Task to complete: Repeat the data exactly. Pictures stay out.

------ Input data ------

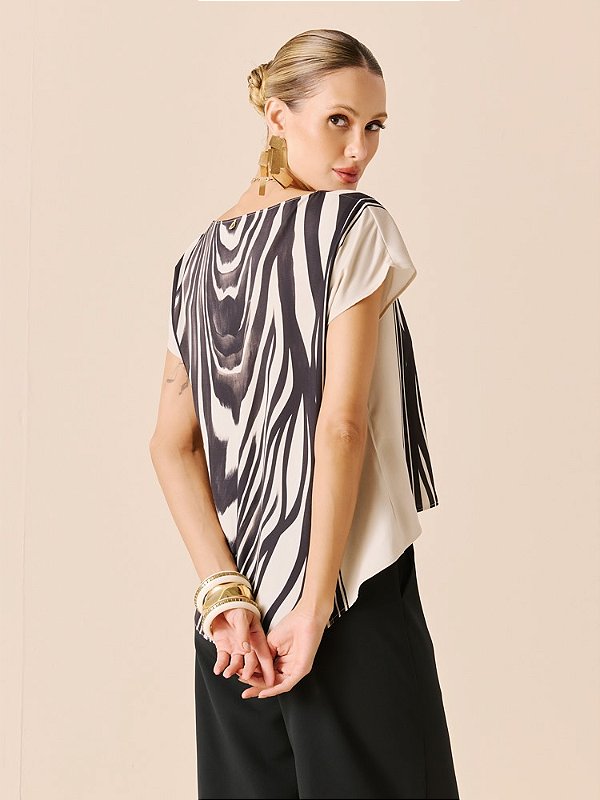 BLUSA FEMININA MULLET -. ZEBRA AQUARELADA DIMY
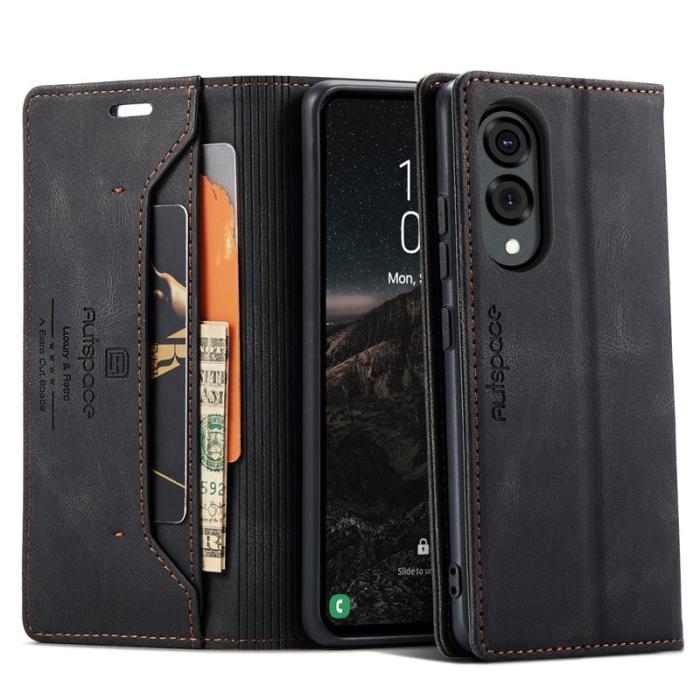 AUTSPACE - AUTSPACE Samsung Galaxy S25 Edge Wallet Fodral Äkta läder - Svart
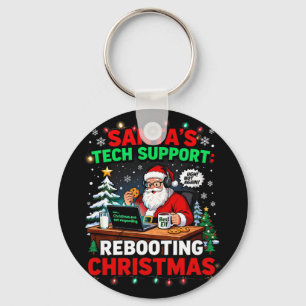 Rebooting Funny Santa's Tech Support Christmas Com Keychain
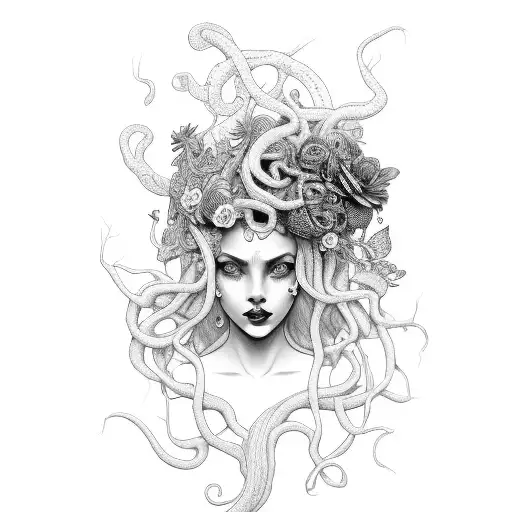 Dark Witch Medusa With Flowers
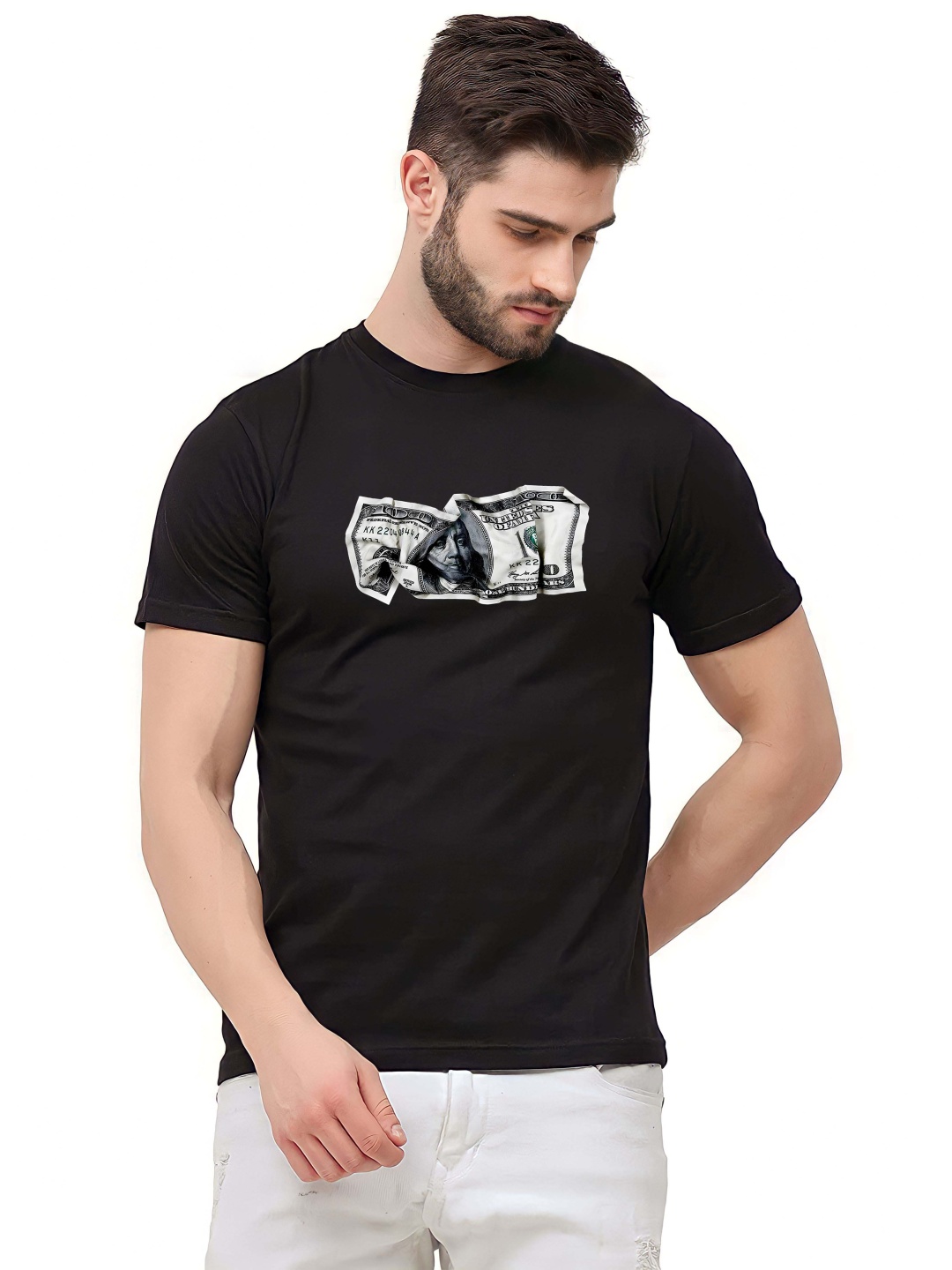 

BOWLIFESTYLE Men Pure Cotton T-shirt, Black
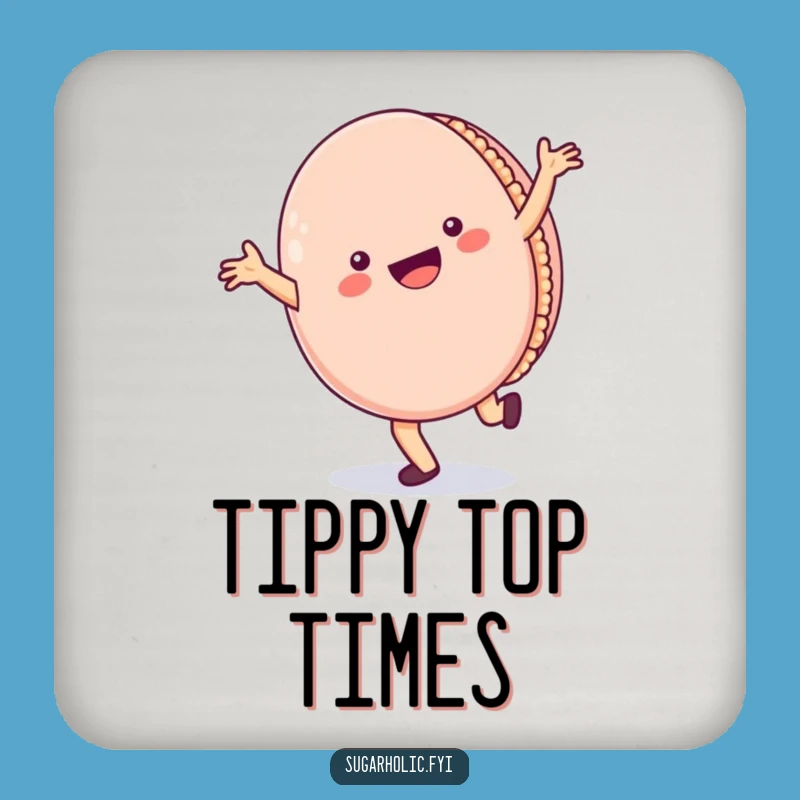 Funny Macaron Coaster: Protect Surfaces with Cartwheeling Character Sweetness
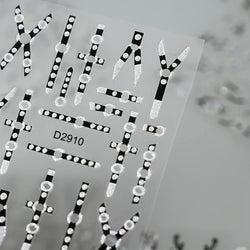 1pcs 5D Floral Nail Art Stickers Acrylic Flowers Decals with Glitter Self-Adhesive Elegant Silver Black Blossoms Theme Nail Art* (ONLINE ORDER ONLY)
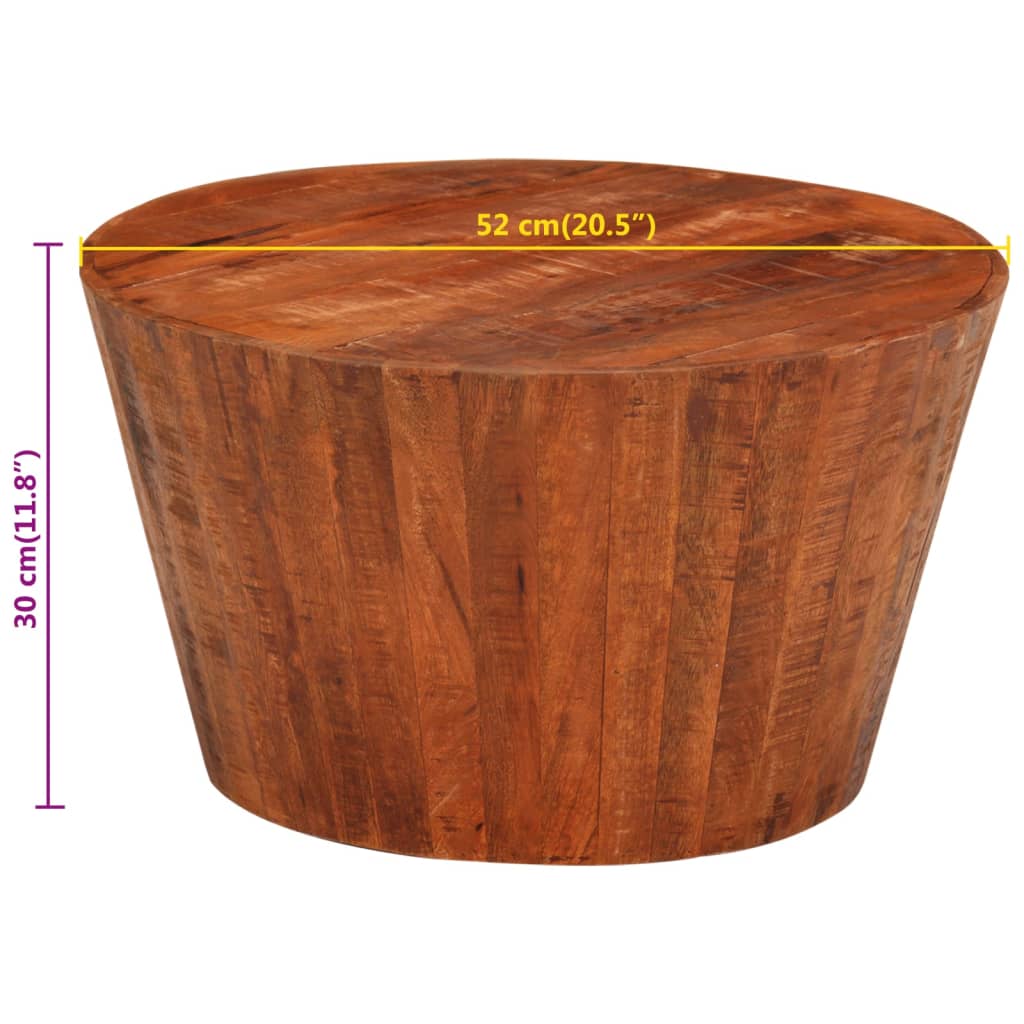 Vidaxl Coffee Table, Ø 52X30 Cm, Raw Solid Mango Wood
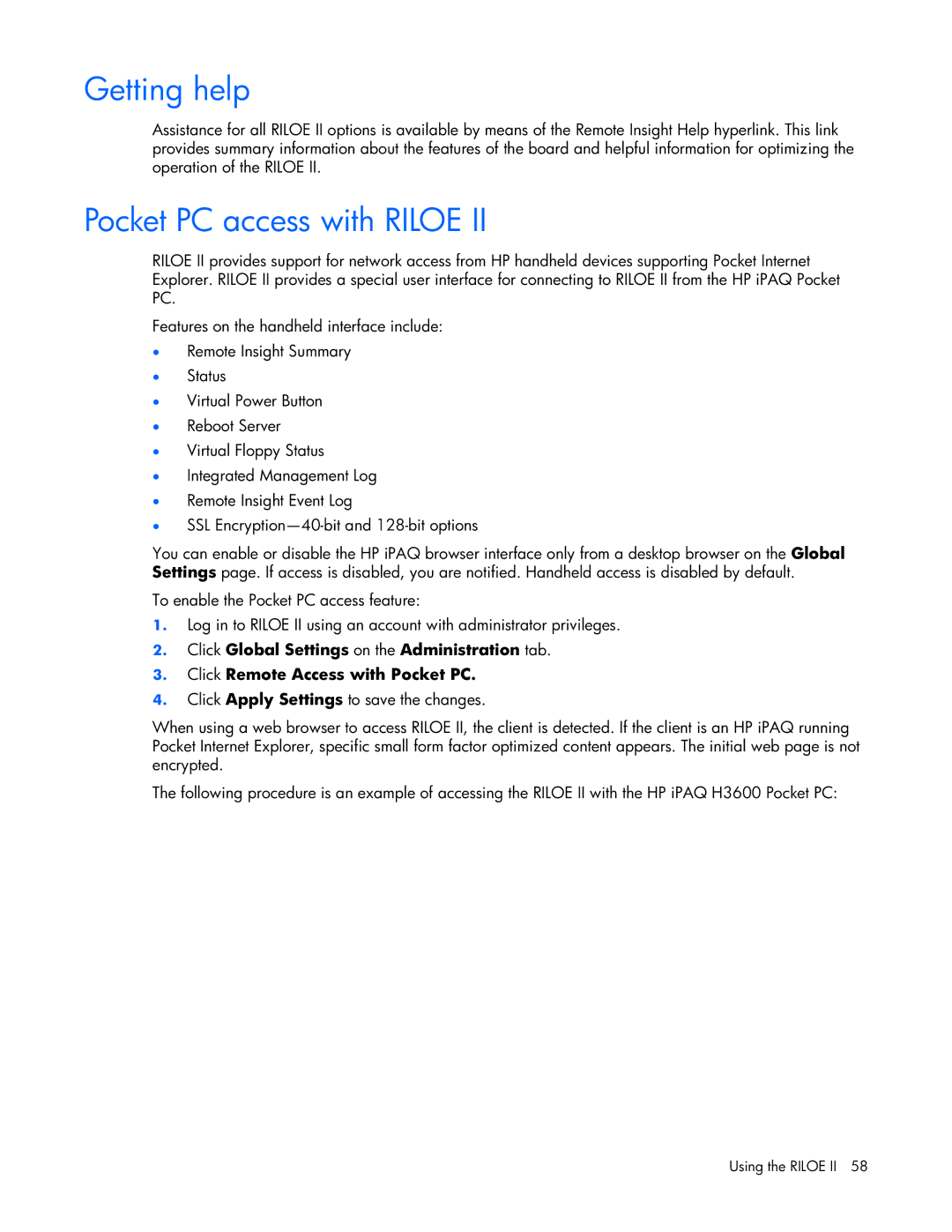 HP 232664-006 manual Getting help, Pocket PC access with Riloe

------

Answer section:
 BLUSA FEMININA MULLET -. ZEBRA AQUARELADA DIMY
 AUTSPACE - AUTSPACE Samsung Galaxy S25 Edge Wallet Fodral Äkta läder - Svart
 Rebooting Funny Santa's Tech Support Christmas Com Keychain
 Dark Witch Medusa With Flowers

BOWLIFESTYLE Men Pure Cotton T-shirt, Black
 Funny Macaron Coaster: Protect Surfaces with Cartwheeling Character Sweetness
 1pcs 5D Floral Nail Art Stickers Acrylic Flowers Decals with Glitter Self-Adhesive Elegant Silver Black Blossoms Theme Nail Art* (ONLINE ORDER ONLY)
 Vidaxl Coffee Table, Ø 52X30 Cm, Raw Solid Mango Wood
 HP 232664-006 manual Getting help, Pocket PC access with Riloe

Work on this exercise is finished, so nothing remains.